MESI protocol

The dominant cache-coherence protocol in modern multicore CPUs, tracking each cache line in one of four states — Modified, Exclusive, Shared, Invalid — to keep cores' views of memory consistent.

also known as MESI · MOESI · cache-coherence

stack cpu · cache

MESI is the classic multicore cache-coherence protocol. Every cache line held in any core’s private cache is tagged with one of four states:

  • Modified (M) — this core has the only copy, and it has been written; main memory is stale.
  • Exclusive (E) — this core has the only copy, but it matches main memory.
  • Shared (S) — multiple cores have read-only copies, all matching memory.
  • Invalid (I) — the copy is not valid; treat as a miss.

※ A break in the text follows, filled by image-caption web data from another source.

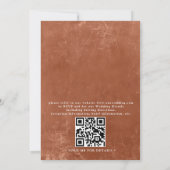 Terracotta Papel Picado Budget QR Code Huwelijk Kaart (Achterkant)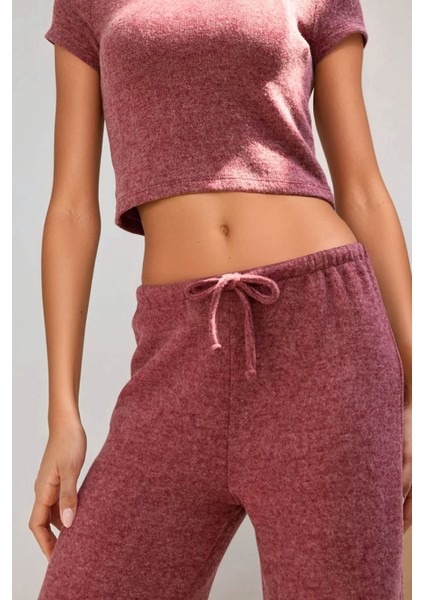 Kadın Bağcıklı Yumuşak Dokulu Örme Pantolon Bordo Kırmızı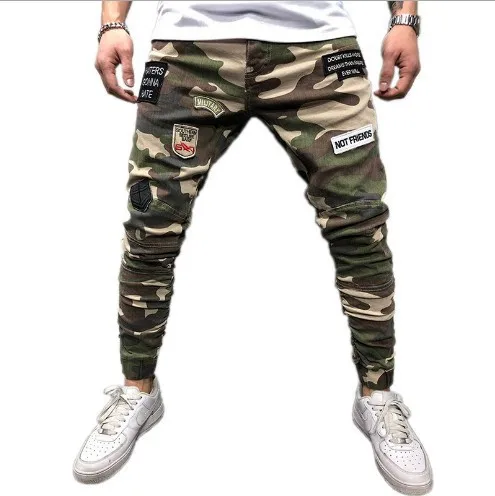 

New Men's Jeans Badge Stretch Slim Tight Elastic Foot Camouflage Pants Trausers Men Jeans Low Price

When one core writes a line in Shared state, it must broadcast an invalidation to the other caches and transition to Modified — this is the coherence traffic that shows up under false sharing. When another core reads a line currently in Modified state elsewhere, the owning core forwards the line (HITM — “hit modified”) and the two transition to Shared (or the variant protocol’s Owned state).

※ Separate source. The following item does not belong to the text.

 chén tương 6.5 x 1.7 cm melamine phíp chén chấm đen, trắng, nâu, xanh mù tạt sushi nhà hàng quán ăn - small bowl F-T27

Real CPUs extend MESI in practice:

  • MESIF (Intel) adds a Forward state to nominate one sharer as the canonical responder for reads, avoiding response storms.
  • MOESI (AMD, Arm) adds an Owned state for a dirty line that is also shared, delaying writeback.

The protocol itself is cycle-accurate — you don’t program against it directly. What you program against is its consequences: coherence latency when a line bounces between cores, invalidation storms under false sharing, and the ordering guarantees that memory models (x86-TSO, Arm weak) expose to software. perf c2c is the tool for seeing coherence traffic in practice.